Laboratory abnormality
|
Fluid recommendations
|
Normal serum potassium
|
0.9% saline or Hartmann's crystalloid
|
Hypokalaemia
|
0.9% saline supplemented with potassium chloride (by veterinary direction)
|
Hyperkalaemia
|
0.9% saline
|
Hypoalbuminaemia
|
Colloid 20 ml/kg
|
Anaemia/hypoalbuminaemia/disseminated intravascular coagulation (DIC)
|
Whole blood 10-20 ml/kg
|
Hypoglycaemia
|
50% dextrose bolus diluted 50/50 saline or 5% dextrose constant rate infusion (CRI)
|
Control of Vomiting and Oesophagitis Complications
Anti-emetics can be used in an attempt to control vomiting (metoclopramide, maropitant citrate). Antacids (H2 receptor antagonist (cimetidine/ ranitidine) or proton pump inhibitors (omeprazole)) and sucralfate are given as gastric protectants (sucralfate should be given on an empty stomach).
Nutritional Support
In general practice parenteral nutrition is difficult to achieve and risks of sepsis may exclude its use. Tube feeding is compromised due to the severe degree of vomiting occurring in these patients. Therefore food should be withheld for 12-24 hours until vomiting has ceased. Providing a bland diet will help GIT recovery.

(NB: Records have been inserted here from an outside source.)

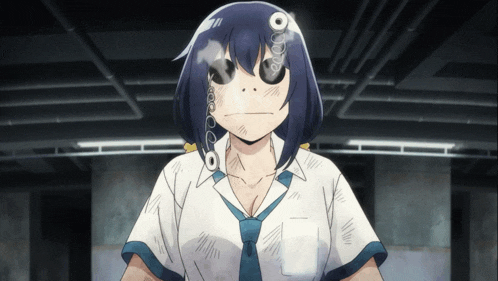 a girl in a white shirt and blue tie has a bubble coming out of her mouth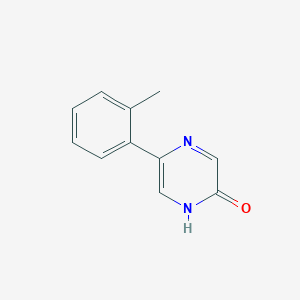 molecular formula C11H10N2O B13339731 5-(o-Tolyl)pyrazin-2(1H)-one CAS No. 1159818-46-8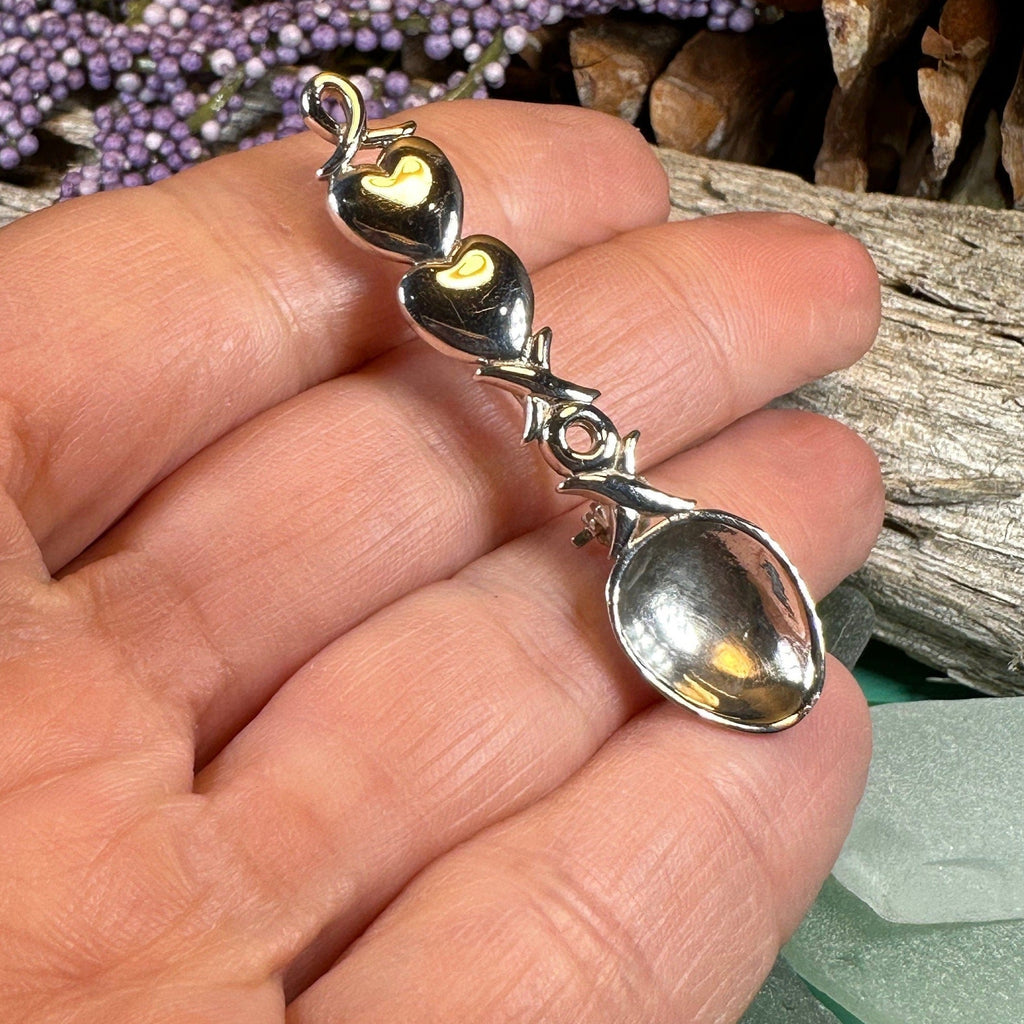 Hugs & Kisses Love Spoon Brooch in Sterling Silver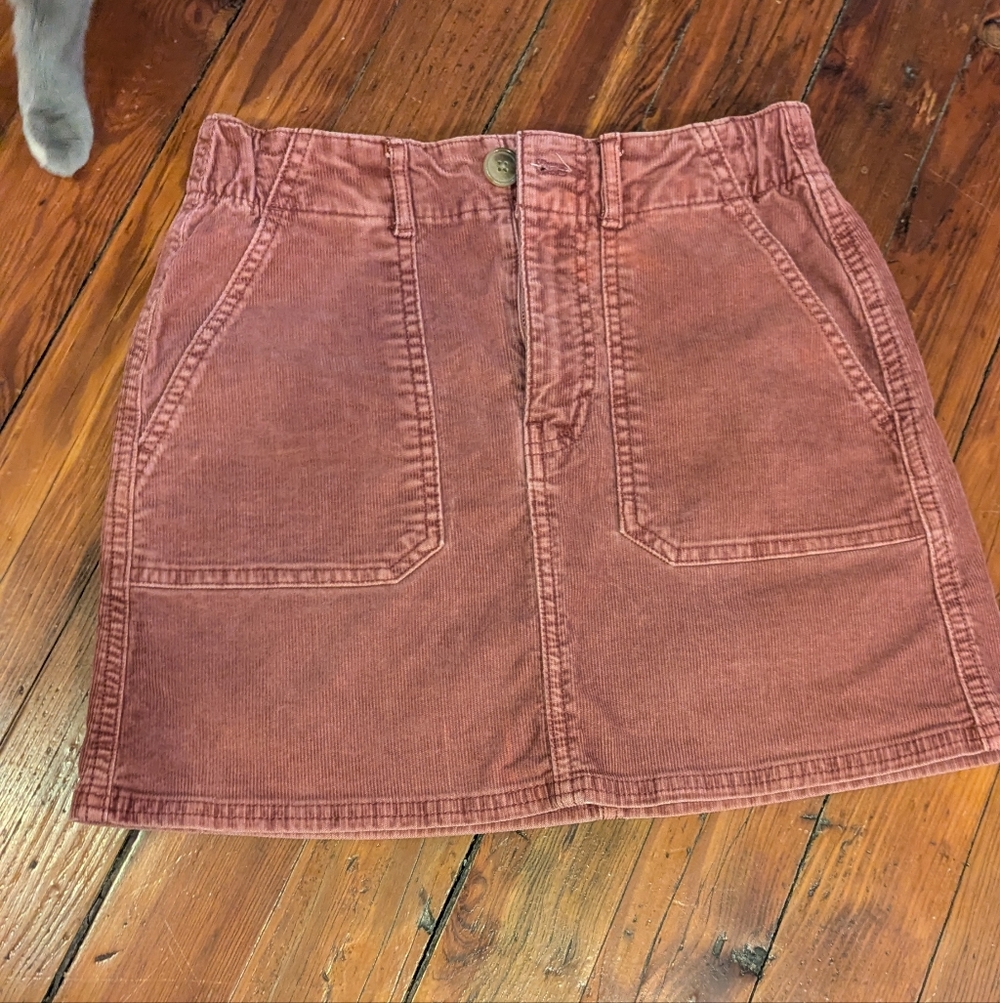 Corduroy Mini Skirt in Dusty Rose
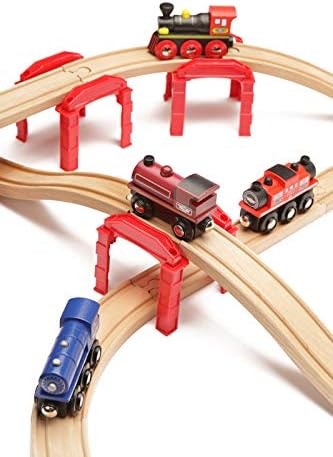 6-Pack Set 3 Multi Level Support Risers - Red Risers for Wooden Toy Train Creates Levels of Tracks. Durable Hard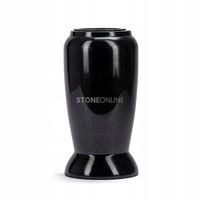Elegancki WAZON z czarnego GRANITU WELEGANT12 na cmentarz StoneOnline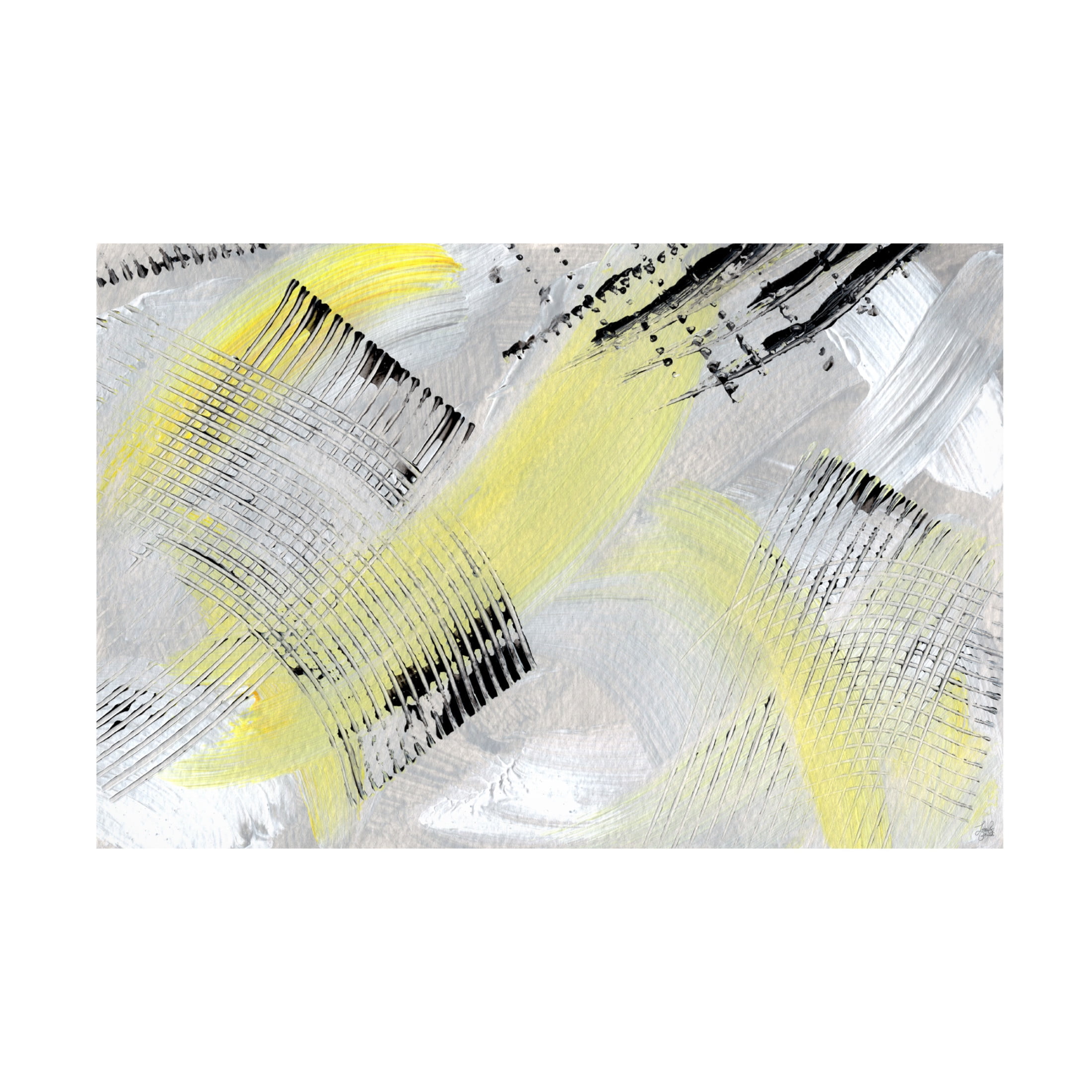 Canvas Wall Art - Line and Brush 'Butter Yellow and Raking 1' Wall Art for Living Room, Bedroom, or Office Décor by Trademark Fine Art - 32 x 22 Inches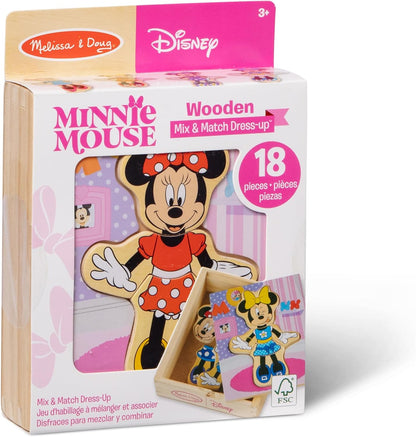 Melissa & Doug Disney Minnie Mouse Wooden Dress-Up Set – Grandparent Gift for Disney-Loving Toddler Ages 3+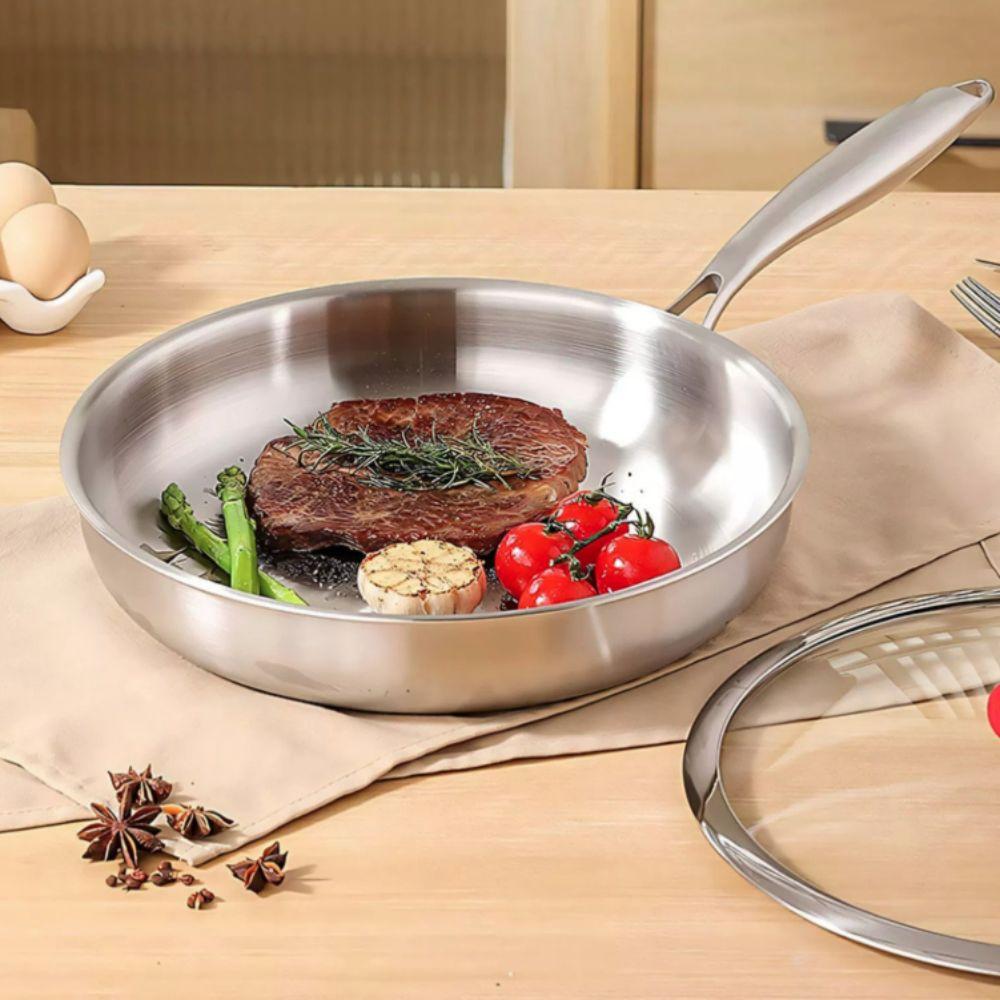 Flat Bottom Frying Wok Nonstick Fried Steak Pot Kitchen Cookware Stainless Steel Frying Pan  Home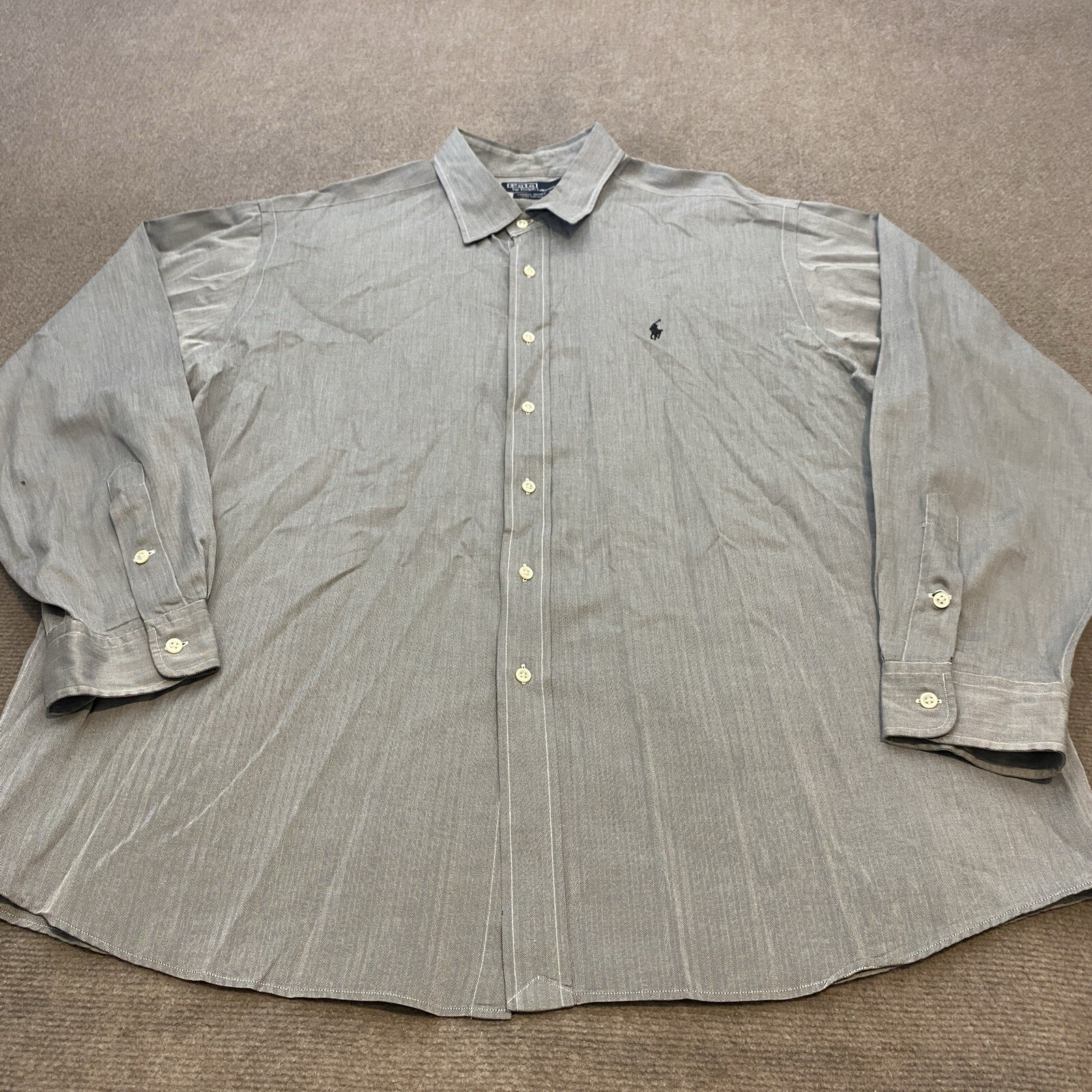 Polo Ralph Lauren Shirt Mens XXL Gray Lowell Sport Pony Logo Button Up 90s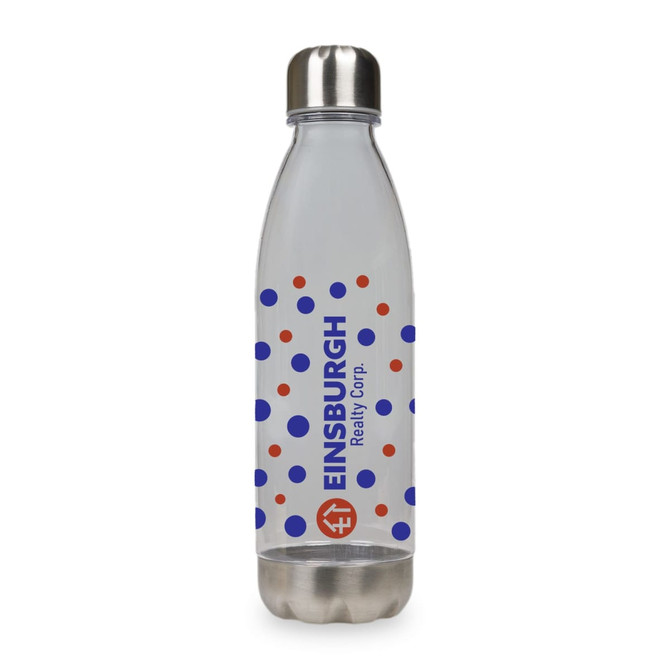 A drink bottle with a clear body featuring colourful polka dots in red and blue, and a stainless steel cap.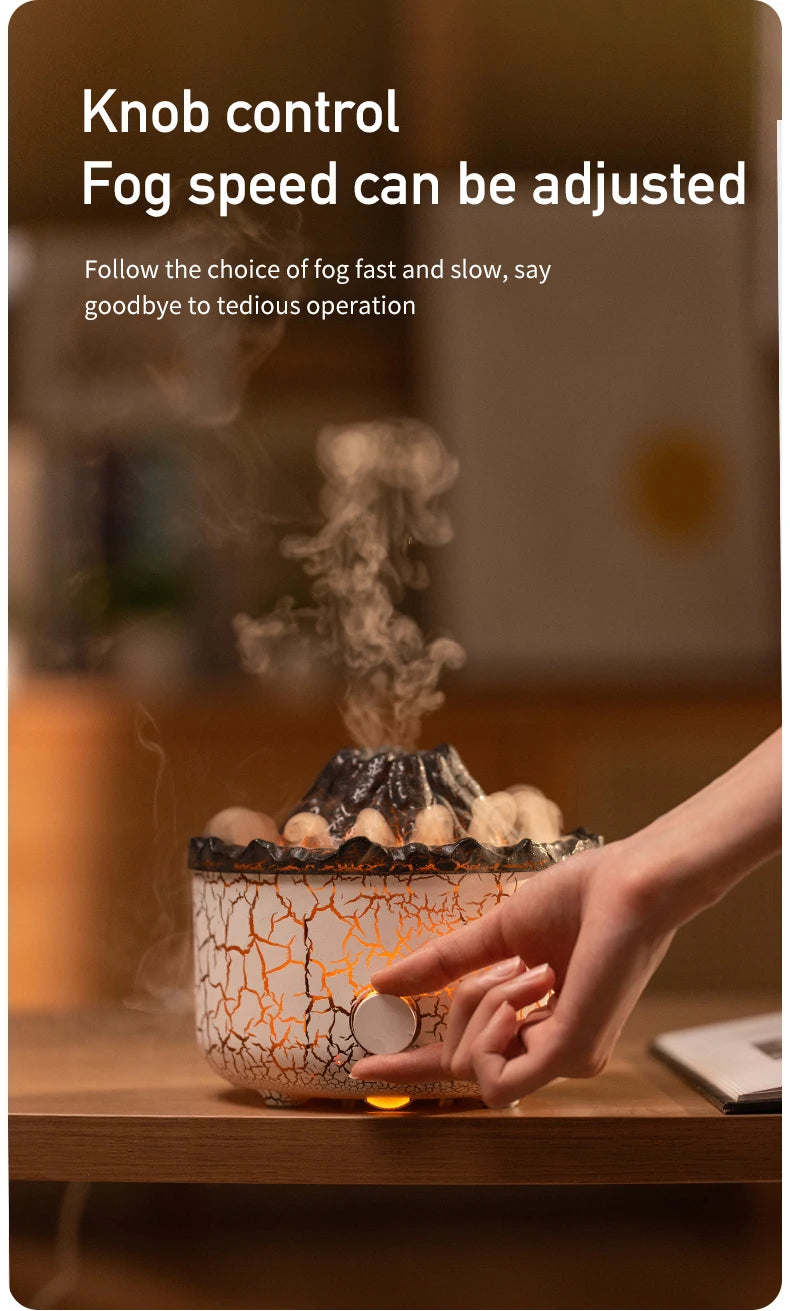560ml Volcanic Flame Humidifiers Air Aroma Diffuser Essential Oils Humidifier Diffuser For Bedroom Home Purifier Humificador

Various diets are available for convalescent support. Glutamine-containing oral rehydration solutions may provide limited nutrition of the GIT lining early in the disease and may be given as ice cubes initially to avoid vomiting. Meals should be little and often so as not to overwhelm the compromised GIT.
Other Medications
Selemectin-type spot-on anti-parasitic agent
Probiotics may help GI flora recovery once vomiting has stopped
B vitamins can be added to intravenous fluid
Interferon injections may aid recovery
Vaccination should be recommended for in-contact and local canine population
Prognosis
Persistent diarrhoea may occur secondary to intussusceptions (ultrasound/barium impregnated polyethylene spheres (BIPS) study/endoscopy may be required) or dietary sensitivities (endoscopy/food trials). However, most cases can expect to recover in 4-5 days.
References
1. Dallas S, Wiggins K. Management of the inpatient. In: Moore, M; Simpson, G. eds. BSAVA manual of veterinary nursing. Gloucester: BSAVA, 2003; 1-10.
2. Holt D, Brown D. Acute abdominal and gastrointestinal emergencies. In: King L.; Hammond R. BSAVA manual of canine and feline emergency and critical care. Cheltenham: BSAVA, 1999; 127-131.
3. Nelson RW, Couto CG. Disorders of the intestinal tract. In: Nelson, RW.; Couto CG. eds. Small animal internal medicine (third edition). St Louis: Mosby, 2003; 433-435.
4. Oxley L, Kane M, et al. Nursing the emergency patient. In: Moore, M; Simpson, G. eds. BSAVA manual of veterinary nursing. Gloucester: BSAVA, 2003; 50-59.